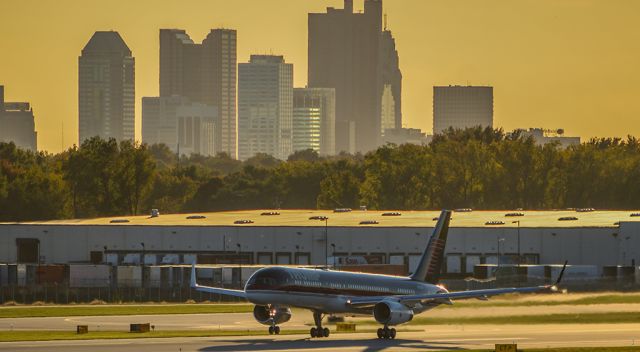 Boeing 757-200 (N757AF) - Trumps 757 rotating off of 10R at CMH with downtown Columbus in the background.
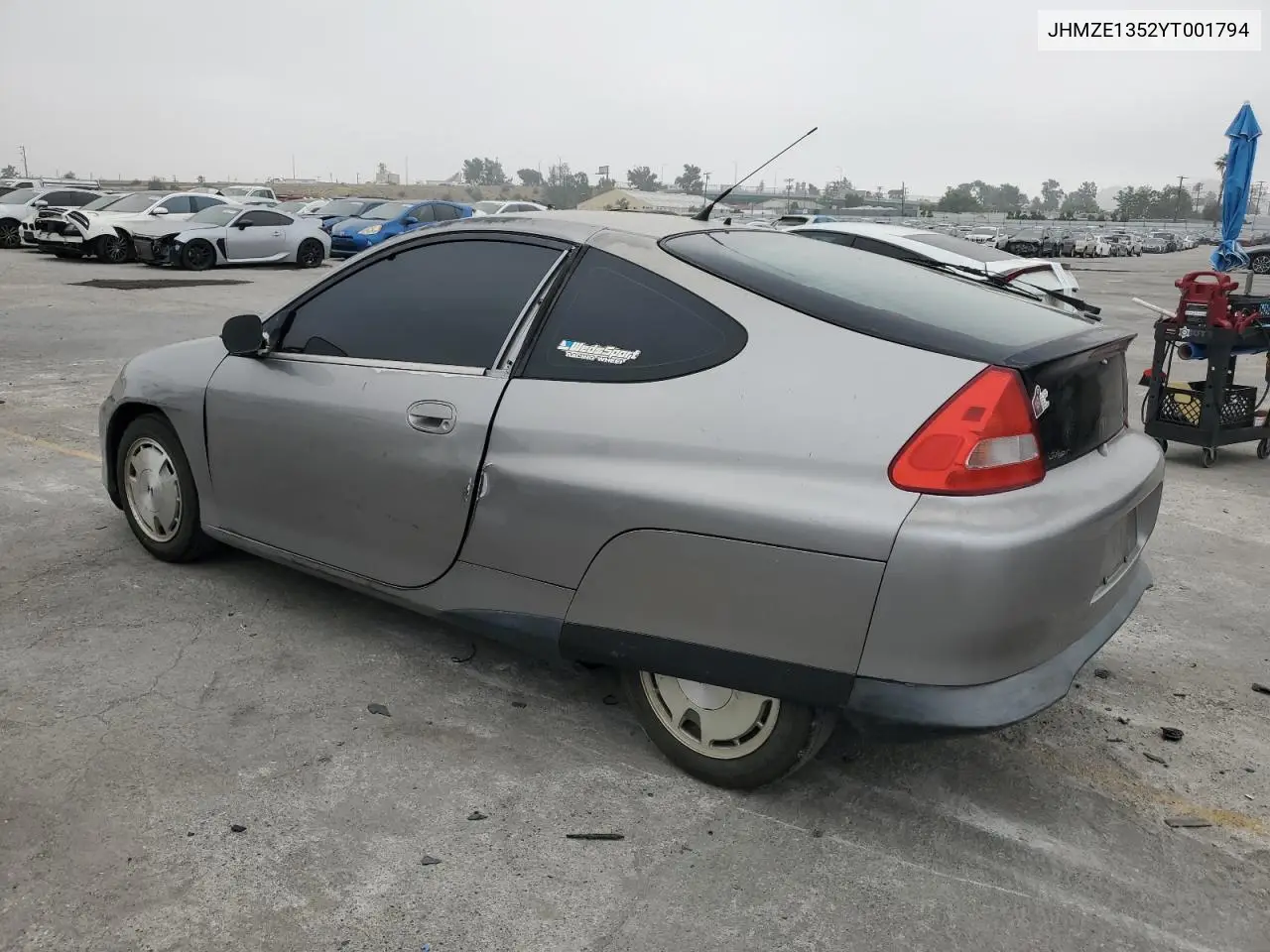 2000 Honda Insight VIN: JHMZE1352YT001794 Lot: 89022435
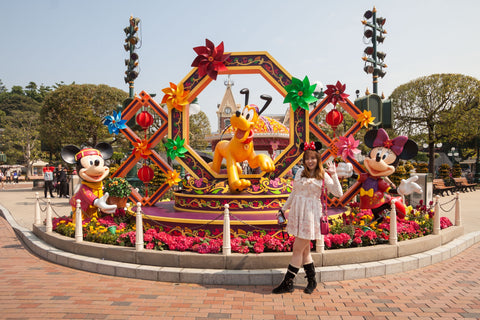 A young Disney fan poses with several classic Disney characters, including Pluto, Mickey, and Minnie. 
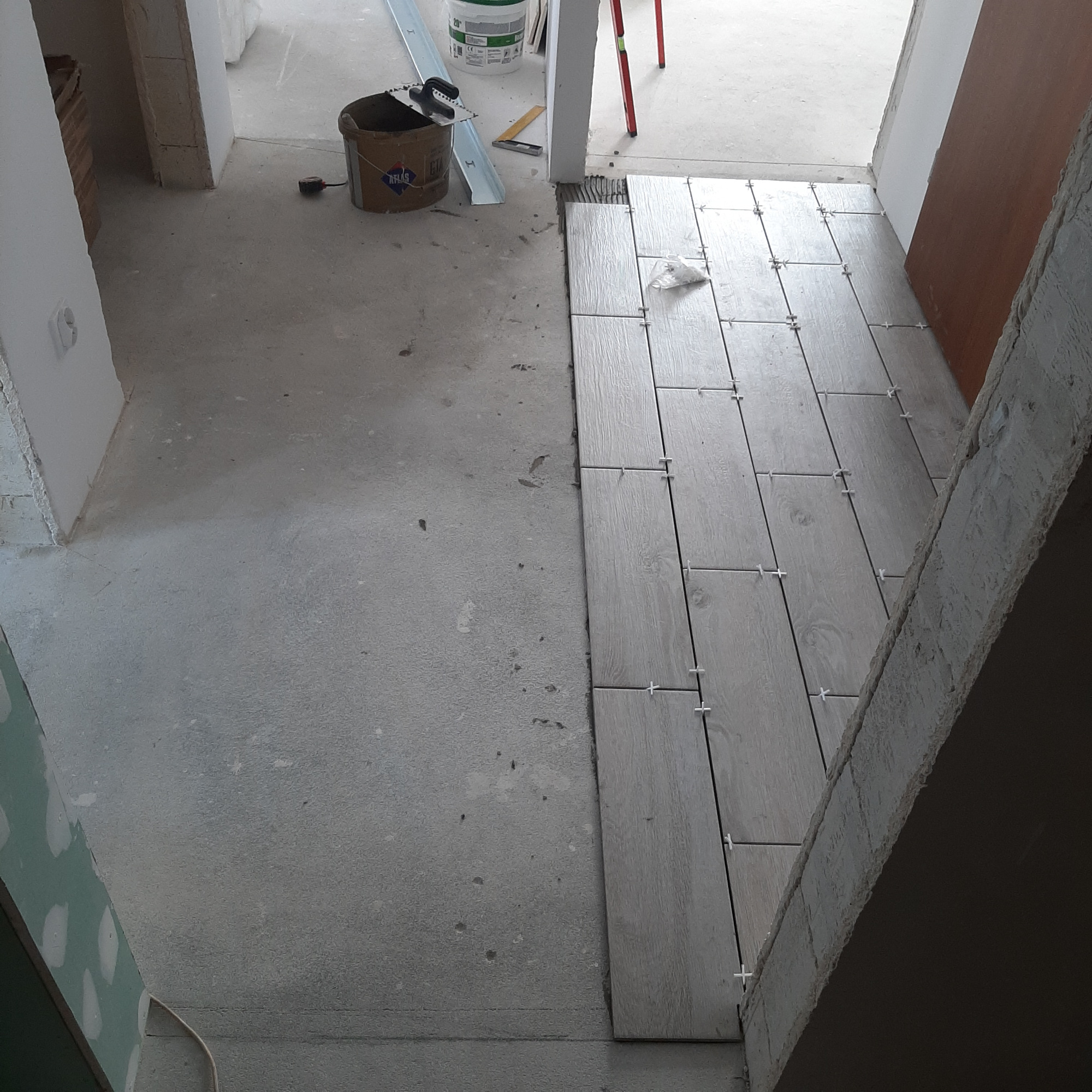 Układanie płytek podłogowych imitujących drewno w trakcie prac wykończeniowych, widoczny kubeł z klejem, poziomica oraz krzyżyki dystansowe.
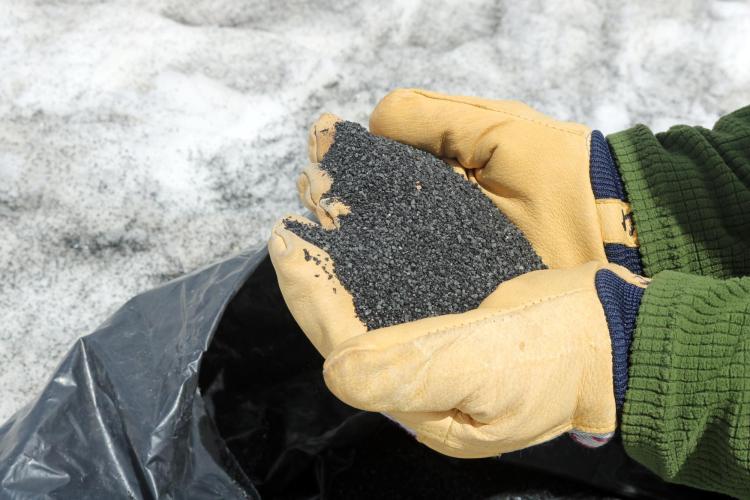 Will Fuller holds a handful of black sand, before tossing it on top of the snow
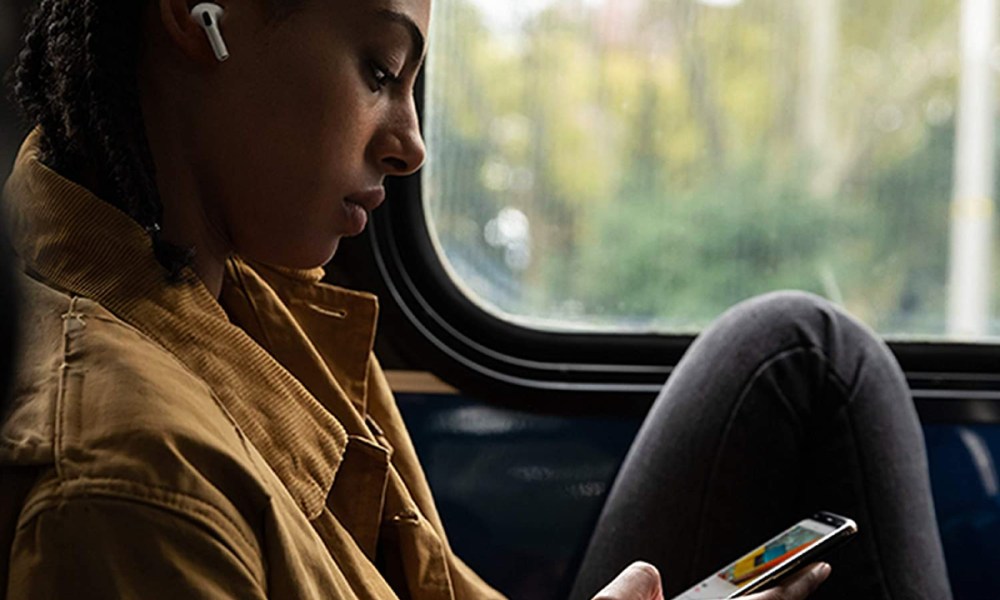 Woman wearing AirPods Pro wireless earbuds on a train.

Work instructions ▸ Please reproduce the entries above line by line, exactly, leaving out each image.

Exercise answer ▸
 Boeing 757-200 (N757AF) - Trumps 757 rotating off of 10R at CMH with downtown Columbus in the background.
 2000 Honda Insight VIN: JHMZE1352YT001794 Lot: 89022435
 A young Disney fan poses with several classic Disney characters, including Pluto, Mickey, and Minnie. 
 Układanie płytek podłogowych imitujących drewno w trakcie prac wykończeniowych, widoczny kubeł z klejem, poziomica oraz krzyżyki dystansowe.
 Will Fuller holds a handful of black sand, before tossing it on top of the snow
 Woman wearing AirPods Pro wireless earbuds on a train.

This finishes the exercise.